Exercise
Your output should be the records below, word for word and picture-free.

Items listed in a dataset
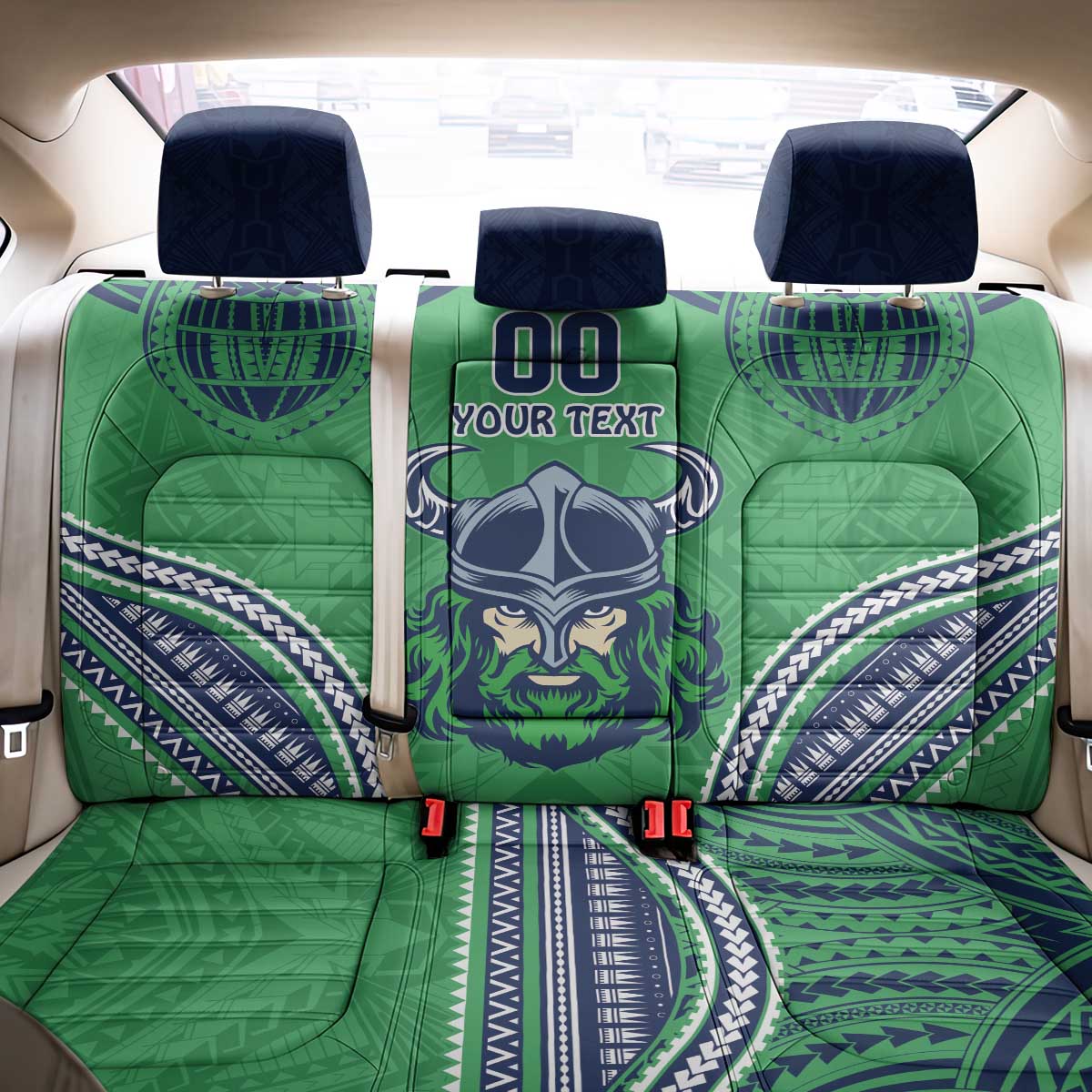 Raiders Rugby Custom Back Car Seat Cover With Polynesian Style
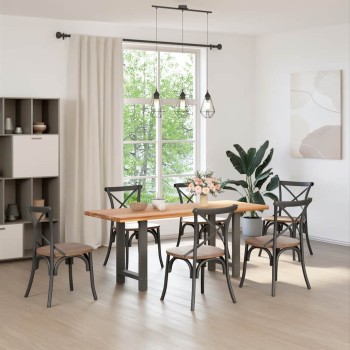 2 db antracitszürke acél étkezőasztalláb 60x(72-73) cm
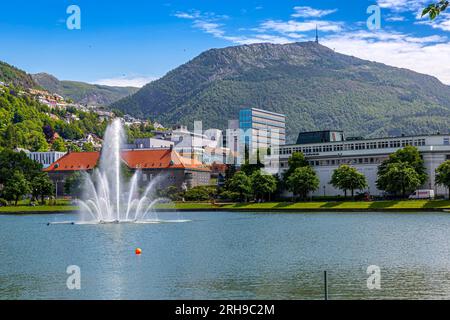 Blick über den Lille Lungegardsvannet Park in Trondheim Stockfoto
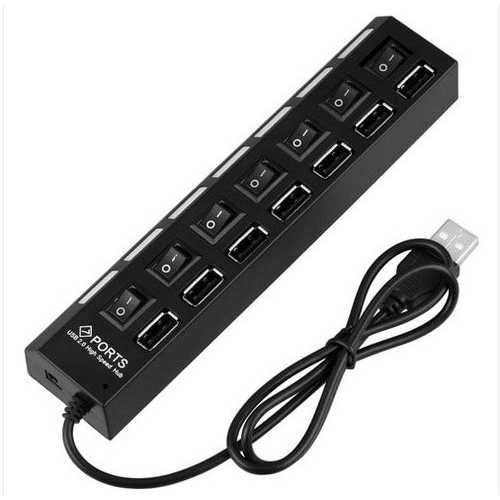 7-Port USB 2.0 Hub with LED Indicators - High Speed Data Transfer & Charging Station for PC, Laptop, Gaming Console & Home Office Setup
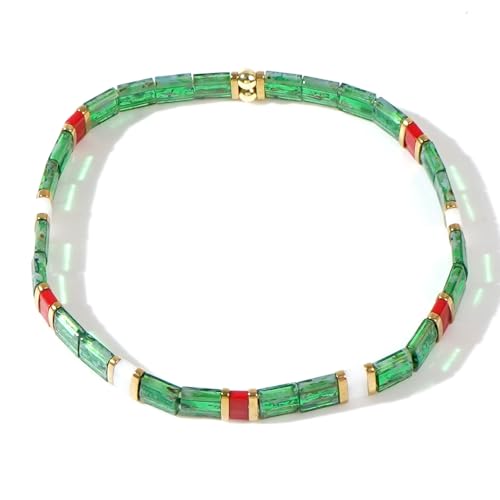 Candy Colorful Tila Flat Beads Bracelets for Women Trendy Unique Friendship Handmade Stackable Christmas Jewelry Gifts - color: christmas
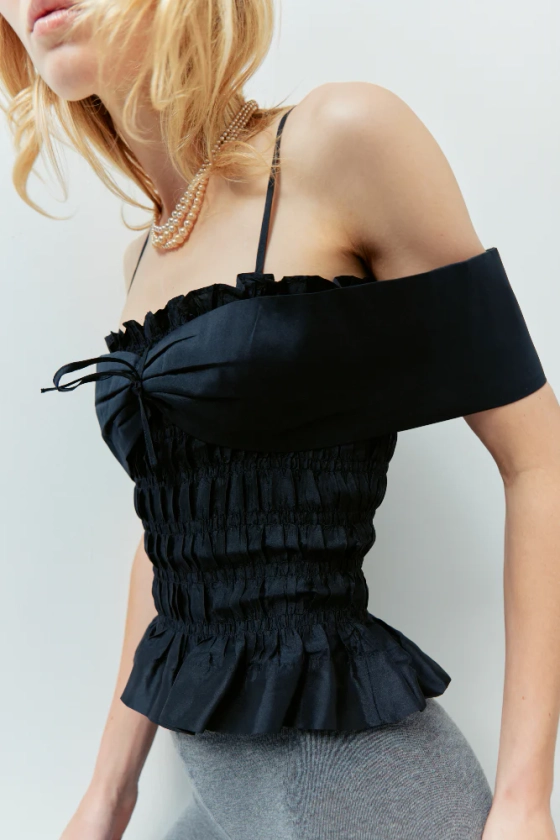 elsa shirred cami - black taffeta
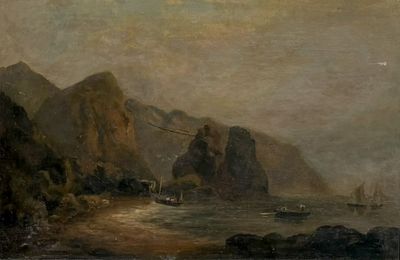 ECOLE ANGLAISE (XIXe), « La baie », Huile sur toile Ancienne étiquette - Photo 1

Output of the exercise
 Raiders Rugby Custom Back Car Seat Cover With Polynesian Style
 2 db antracitszürke acél étkezőasztalláb 60x(72-73) cm
 Blick über den Lille Lungegardsvannet Park in Trondheim Stockfoto
 7-Port USB 2.0 Hub with LED Indicators - High Speed Data Transfer & Charging Station for PC, Laptop, Gaming Console & Home Office Setup
 Candy Colorful Tila Flat Beads Bracelets for Women Trendy Unique Friendship Handmade Stackable Christmas Jewelry Gifts - color: christmas
 elsa shirred cami - black taffeta
 ECOLE ANGLAISE (XIXe), « La baie », Huile sur toile Ancienne étiquette - Photo 1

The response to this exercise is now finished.